Mildred (Frances McDormand) is a divorced single mother working in the small town gift shop of the small town of Ebbing, Missouri. It’s also been seven months since her teenage daughter was raped, murdered, and set on fire. She rents out three billboards on a rarely used side road to advertise her frustrations with the slow pace of law enforcement. The billboards say, “Raped while dying,” “Seven months and no arrests,” “How come, Chief Willoughby?” The chief (Woody Harrelson) tries to pacify the grieving mother while keeping his loyal officers in check from retaliation. Deputy Dixon (Sam Rockwell) is trying to apply pressure to get the billboards removed by any means. The small town loves their sheriff and turns on Mildred, which suits her just fine. The more people that disagree with her the more it helps fuel her sense of righteous indignation. Mildred engages in an escalating series of battles with the police and town that might just make justice impossible.
Three Billboards Outside Ebbing, Missouri feels like a Coen brothers’ movie played straight, and it’s borderline brilliant in its depiction of homespun characters allowed tremendous emotional latitude. These are people with complex depth who are allowed the power to be contradictory. They can be vicious one moment and kind the next, wise one moment and impulsive and self-destructive the next, capable of great acts of mercy and cruelty. This achieves two things: 1) making the characters feel far more convincingly drawn, and 2) making the characters consistently surprising. This is a messy movie but I don’t mean that as any intended insult. It’s messy in scope, messy in tone, and yet it thrums with the messy feelings and messy complications of human tragedy. What happened to Mildred’s daughter is utterly horrifying and her rage is righteous; however, that doesn’t sanctify her. She makes mistakes, pushes people away, and can be cruel even to her own family. I was expecting Harrelson’s police chief to be a sort of villain, either incompetent or conniving, willfully ignoring the murder investigation. This is not the case at all and he is full of integrity and rightfully beloved in his community. As happens in many criminal cases, the trail of evidence just ran cold, but Mildred would prefer every male in the city, state, and even the country be blood tested to find a culprit. Her demands are fundamentally unreasonable and Willoughby points out the many civil rights protections in possible violation. Just because Mildred has been wronged does not make her the hero, and just because Willoughby is the face of local law enforcement does not make him the enemy. They are people with much more in common than they would ever admit. The awful circumstances of the plot have pit them against one another in an escalating tit-for-tat that serves as projection for Mildred’s blinding fury against a world that would rob her of her daughter.
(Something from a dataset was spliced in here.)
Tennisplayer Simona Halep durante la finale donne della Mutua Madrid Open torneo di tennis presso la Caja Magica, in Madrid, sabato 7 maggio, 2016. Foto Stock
The dichotomy of sweetness and terror is best exemplified in the transformation of Mildred and Dixon, one of the most satisfying and engrossing film experiences of the year. Thanks to writer/director Martin McDonagh’s deft handling, these two characters start at opposite ends and grow before our eyes. Mildred tests the limits of her resolve and anger and makes costly mistakes. Dixon begins as the screw-up with a badge (hat he literally misplaces) rumored to have tortured a black prisoner in jail. He seems like the dim-witted poster boy for unchecked masculine privilege. He feels like an enforcer of the corruption we (wrongfully) assume is at work in this small town. As Mildred descends into darker decisions, Dixon ascends and chases a redemptive arc, which is amazing considering the damning behavior he engages in at the halfway mark. These two characters start as adversaries and develop into begrudging allies in a completely organic way that doesn’t blunt either character. That transformation is thrilling to watch and terrifically satisfying on its own terms. By the very end of the movie, I was ready and willing to watch its hypothetical sequel setup, especially if it meant I got to spend more time with these carefully crafted people.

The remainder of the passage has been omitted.